By NHI Mgmt Group Editorial TeamPublished 2025-07-31Domain: Breaches & IncidentsSource: Bravura Security

TL;DR: Palo Alto Networks’ $25 billion acquisition of CyberArk confirms that stolen credentials remain the most common initial attack vector, accounting for 22% of breaches and 88% of web application breaches in Verizon’s 2025 DBIR. Identity controls, not perimeter tools alone, are now the main battleground for enterprise security.


At a glance

What this is: This is Bravura Security’s analysis of the Palo Alto CyberArk deal and the broader shift toward identity-centred security platforms.

Why it matters: It matters because IAM, PAM, NHI, and human identity programmes are increasingly being judged as part of one security fabric rather than separate control planes.

By the numbers:

👉 Read Bravura Security’s analysis of the Palo Alto CyberArk deal and identity convergence


Context

Identity security now sits at the centre of enterprise risk because attackers can often succeed with valid credentials rather than noisy exploit chains.

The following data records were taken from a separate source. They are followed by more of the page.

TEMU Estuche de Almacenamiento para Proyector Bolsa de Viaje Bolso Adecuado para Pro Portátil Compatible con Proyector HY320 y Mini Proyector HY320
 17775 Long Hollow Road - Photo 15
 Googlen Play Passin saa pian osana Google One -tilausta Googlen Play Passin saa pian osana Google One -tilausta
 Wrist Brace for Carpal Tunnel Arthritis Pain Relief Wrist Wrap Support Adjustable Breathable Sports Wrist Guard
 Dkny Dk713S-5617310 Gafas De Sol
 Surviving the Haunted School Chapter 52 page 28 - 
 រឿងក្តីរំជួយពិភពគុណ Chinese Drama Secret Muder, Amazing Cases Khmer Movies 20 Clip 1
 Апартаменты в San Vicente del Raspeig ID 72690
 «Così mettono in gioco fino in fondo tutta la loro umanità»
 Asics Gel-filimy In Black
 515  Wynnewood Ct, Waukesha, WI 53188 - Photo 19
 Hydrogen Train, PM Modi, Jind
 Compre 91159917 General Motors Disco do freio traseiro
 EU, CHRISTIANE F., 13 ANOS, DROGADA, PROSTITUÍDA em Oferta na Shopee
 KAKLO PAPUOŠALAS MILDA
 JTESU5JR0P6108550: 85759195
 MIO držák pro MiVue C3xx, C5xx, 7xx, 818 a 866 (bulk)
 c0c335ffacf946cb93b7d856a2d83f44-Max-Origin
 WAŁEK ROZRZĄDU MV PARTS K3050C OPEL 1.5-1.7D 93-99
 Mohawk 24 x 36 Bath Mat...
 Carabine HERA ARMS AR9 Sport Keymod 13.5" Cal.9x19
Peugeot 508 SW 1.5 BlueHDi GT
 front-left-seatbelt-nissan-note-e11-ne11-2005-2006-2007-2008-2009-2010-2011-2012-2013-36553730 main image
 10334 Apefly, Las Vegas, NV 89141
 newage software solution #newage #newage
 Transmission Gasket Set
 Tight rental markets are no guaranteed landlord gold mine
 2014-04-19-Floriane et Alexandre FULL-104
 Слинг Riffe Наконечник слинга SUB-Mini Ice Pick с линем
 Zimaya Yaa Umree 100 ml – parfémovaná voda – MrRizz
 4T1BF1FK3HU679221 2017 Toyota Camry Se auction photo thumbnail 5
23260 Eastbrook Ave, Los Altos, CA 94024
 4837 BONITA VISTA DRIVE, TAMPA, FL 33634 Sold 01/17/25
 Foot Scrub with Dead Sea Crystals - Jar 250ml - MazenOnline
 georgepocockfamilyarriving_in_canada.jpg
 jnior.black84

The Palo Alto CyberArk deal is a market signal that identity, privilege, and policy are being treated as one problem rather than separate domains.

For practitioners, the key issue is not whether a vendor can bundle more controls, but whether the organisation can govern human accounts, privileged access, and non-human identities through a consistent model. That is where siloed IAM and PAM programmes start to break down, especially when the same credentials are being used across cloud, web, and machine-to-machine access.

The shift is broadly typical of where the market is heading, but many enterprises are still operating with fragmented tooling and inconsistent policy enforcement. That gap makes identity governance a board-level security issue rather than a back-office administration concern.


Key questions

Q: How should security teams respond when identity platforms become more consolidated?

A: Treat consolidation as a governance test, not a procurement win. Check whether authentication, privilege management, and machine identity controls still preserve context end to end. The priority is consistent policy enforcement, shared telemetry, and clear ownership across IAM, PAM, and NHI operations.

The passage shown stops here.